Solo che parla. Parla tantissimo.
«...e la cosa affascinante, Fra, è come abbiano strutturato il worldbuilding di questo Super Mario Bros 2. Alice – povera stella, ha otto anni, era completamente ipnotizzata dai pop-corn – non poteva certo coglierlo, ma c'è una chiara satira del tardo-capitalismo nella gestione delle monete d’oro.»
Adesso ti chiederai: chi è Alice?
Beh, è la cuginetta di Sabrina, la figlia di sua sorella, ma non distrarmi adesso, ti prego, sennò perdo il filo del discorso.

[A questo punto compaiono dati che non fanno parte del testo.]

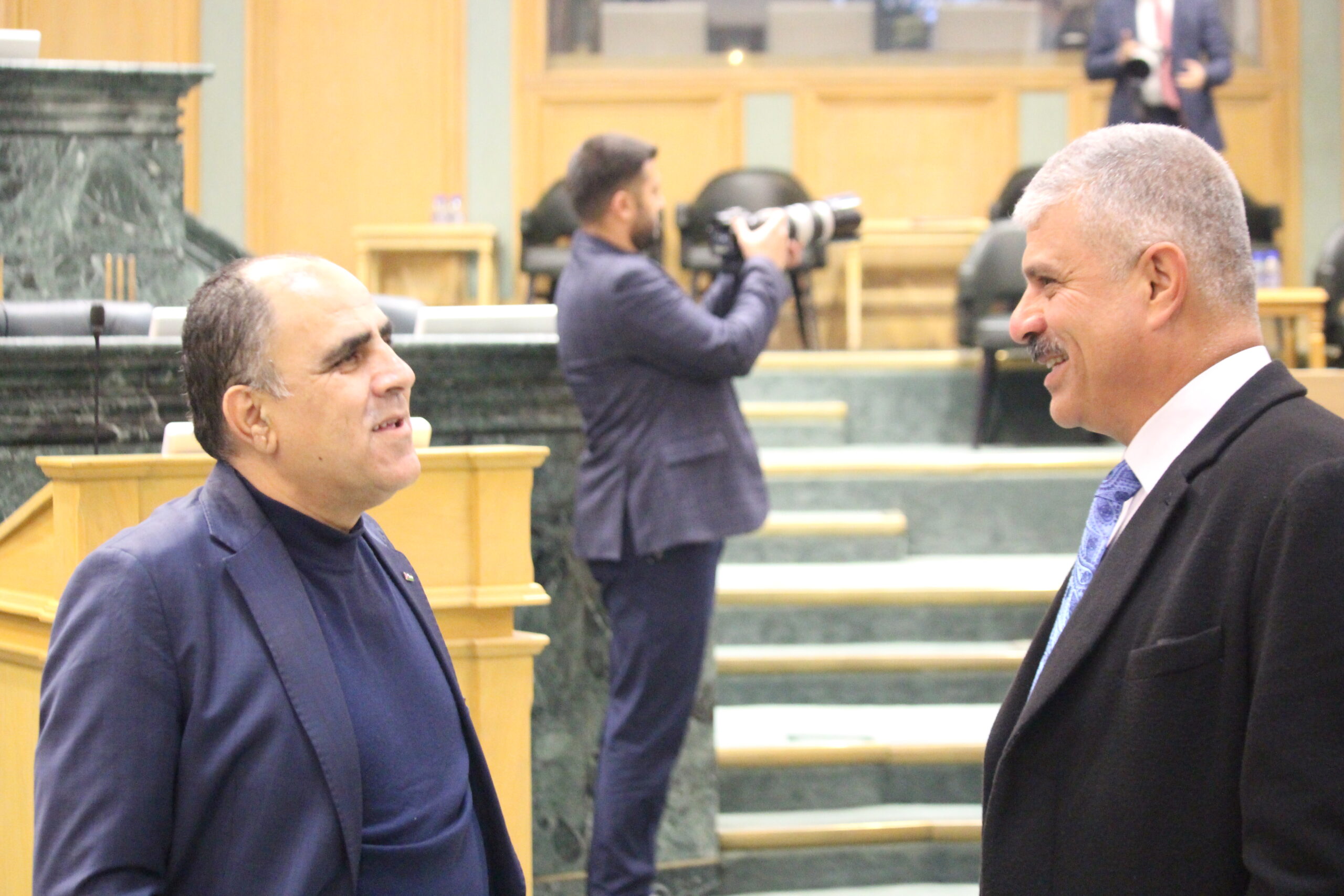 عدسة صراحة نيوز ترصد أجواء جلسة النواب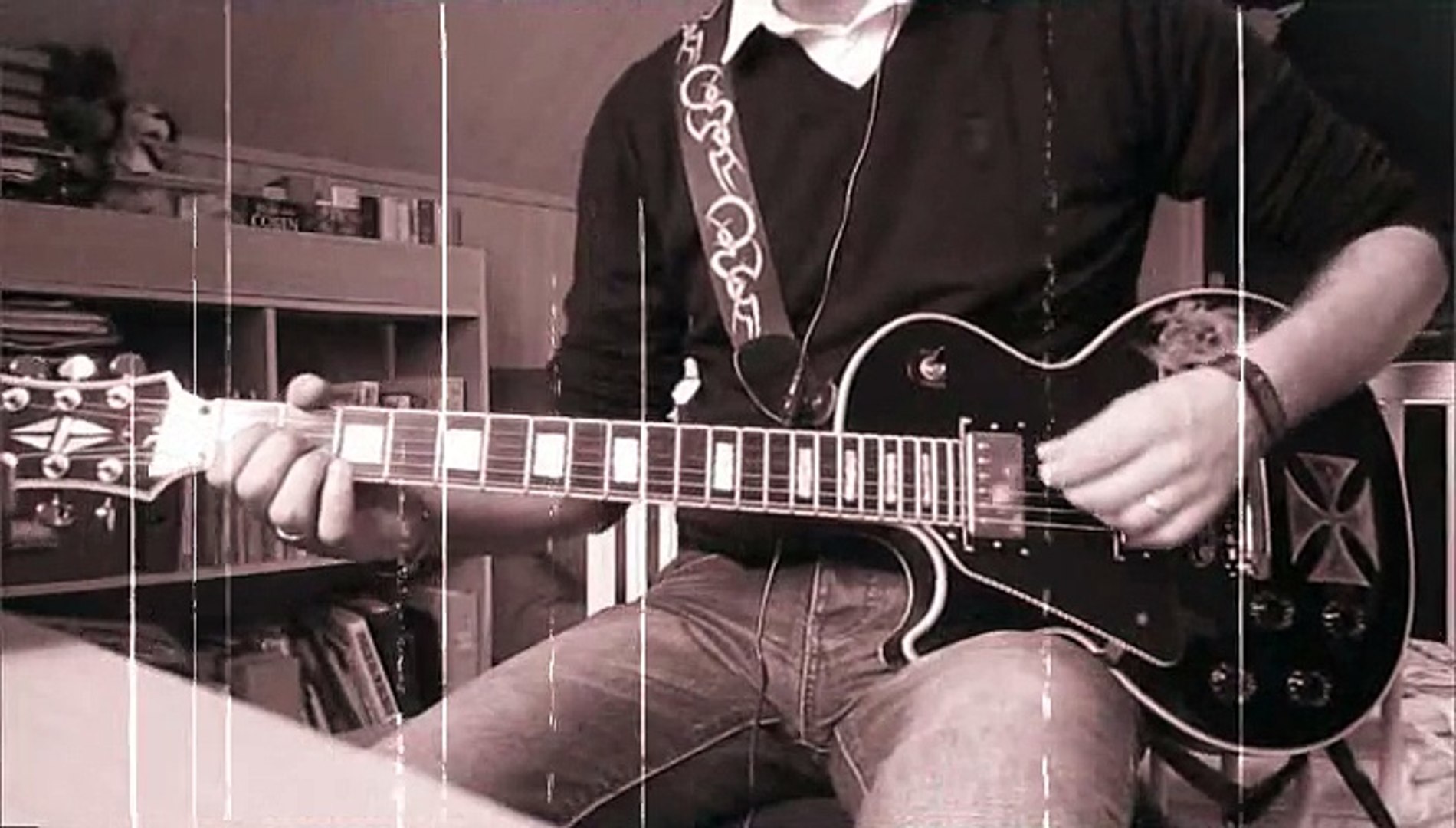 Johnny Halliday de l'amour guitar cover - Vidéo Dailymotion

«Bowser non è più il cattivo piatto del folklore videoludico,» continua Sabrina, del tutto ignara dei miei battibecchi mentali e immersa nella sua disamina del film sull'immortale icona della Nintendo, «diventa una metafora della bulimia patriarcale. Capisci l'iper-citazionismo chic di certe sequenze cinematografiche?»
La guardo. Sabrina muove le mani nell'aria, leggera, con quel modo di fare da intellettuale radical chic che rende filosofico persino un idraulico coi baffi che salta sulle tartarughe. È carina, davvero. È l'iperuranio della civiltà borghese.
Ma… è un po' grassottella, un po' troppo truccata e un po' troppo vestita bene per i miei gusti complicati.
Poi così, di botto, mentre l’ascolto decostruire con foga la fenomenologia di Yoshi, nella mia testa si accende un cortocircuito.
Penso a Francesca.
Non guardarmi così, è più forte di me.
Cristo, se Francesca fosse stata qui, seduta su questo divano immacolato con le sue dita sempre fredde e le unghie perennemente mangiate. Immagino perfettamente la scena.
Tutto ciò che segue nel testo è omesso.